Segment Open
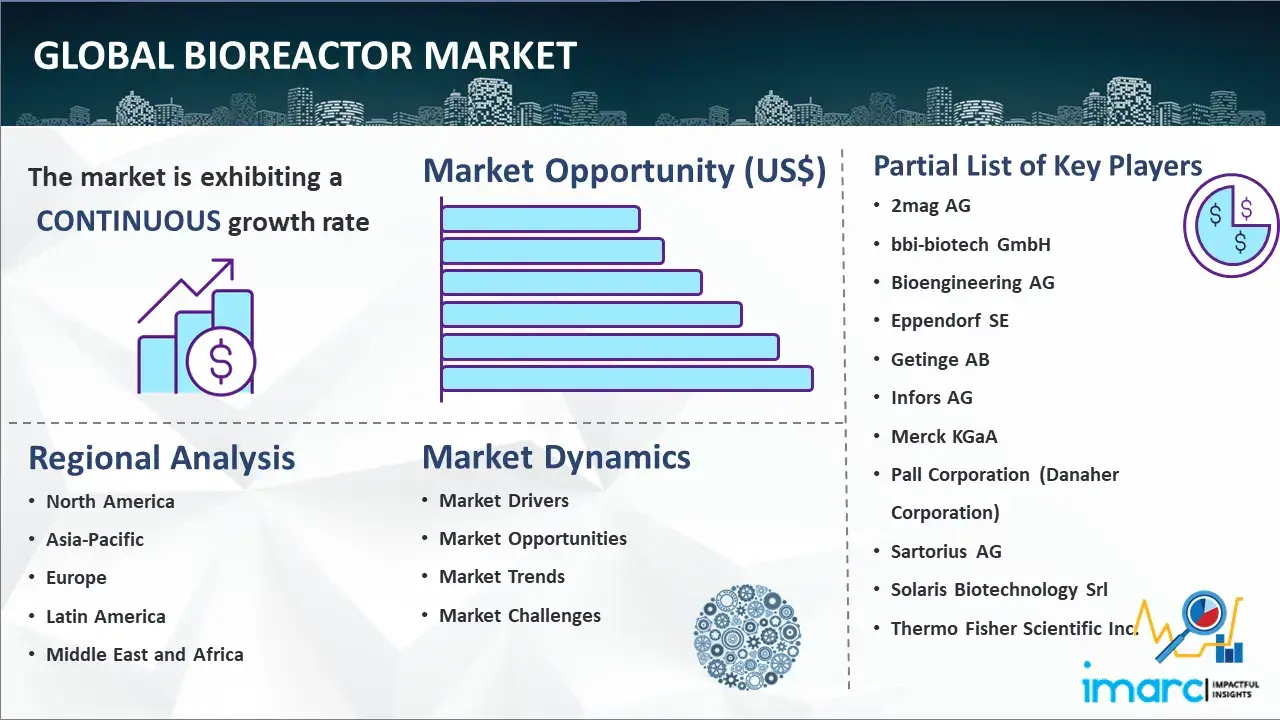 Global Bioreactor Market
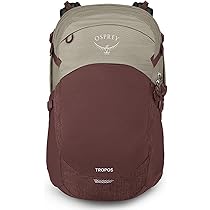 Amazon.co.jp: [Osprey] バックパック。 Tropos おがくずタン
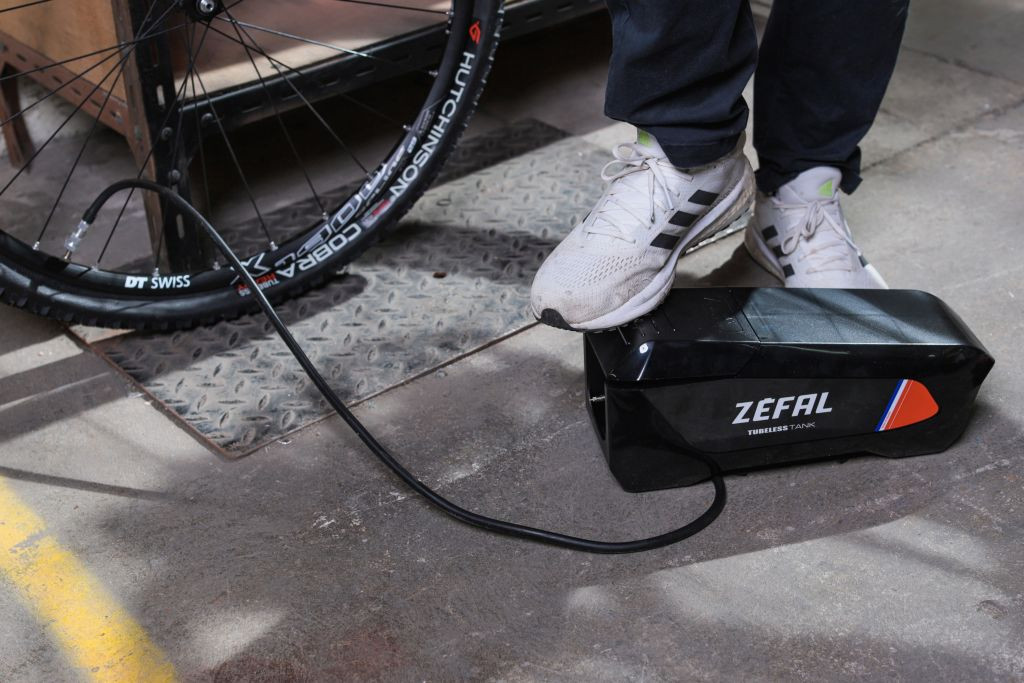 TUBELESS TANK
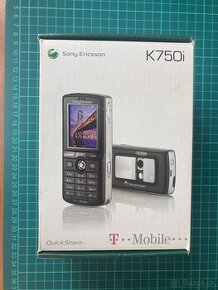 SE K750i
Segment Closed
What the exercise asks: Please reproduce verbatim the lines from the line with "Amazon.co.jp: [Osprey] バックパック。 Tropos おがくずタン" through the final line of the listing, inclusive of both ends. Omit all pictures.

Task solution:
 Amazon.co.jp: [Osprey] バックパック。 Tropos おがくずタン
 TUBELESS TANK
 SE K750i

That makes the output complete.